### Given material
-=-=-

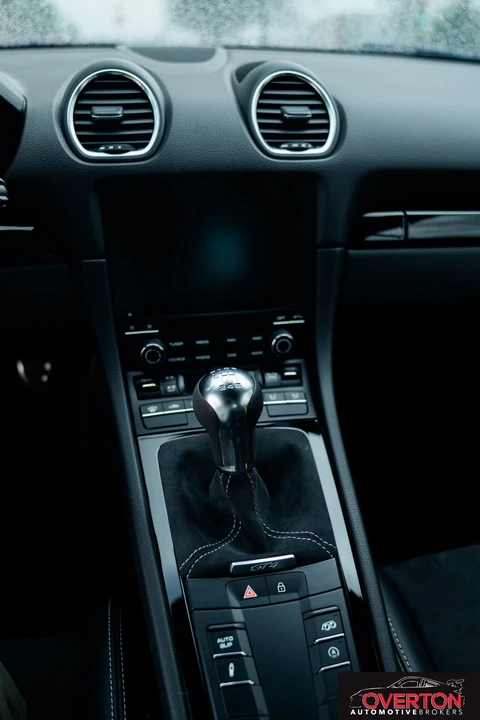2020 Porsche 718 Cayman - Image 21 of 26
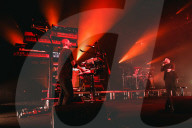 Subsonica Performs During The Club Tour 2025 In Milan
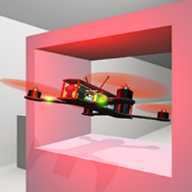 DroneRacing(���˻�������Ϸ)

-=-=-

### What to do
Copy out all the data above exactly, minus the images.

### Written answer
2020 Porsche 718 Cayman - Image 21 of 26
 Subsonica Performs During The Club Tour 2025 In Milan
 DroneRacing(���˻�������Ϸ)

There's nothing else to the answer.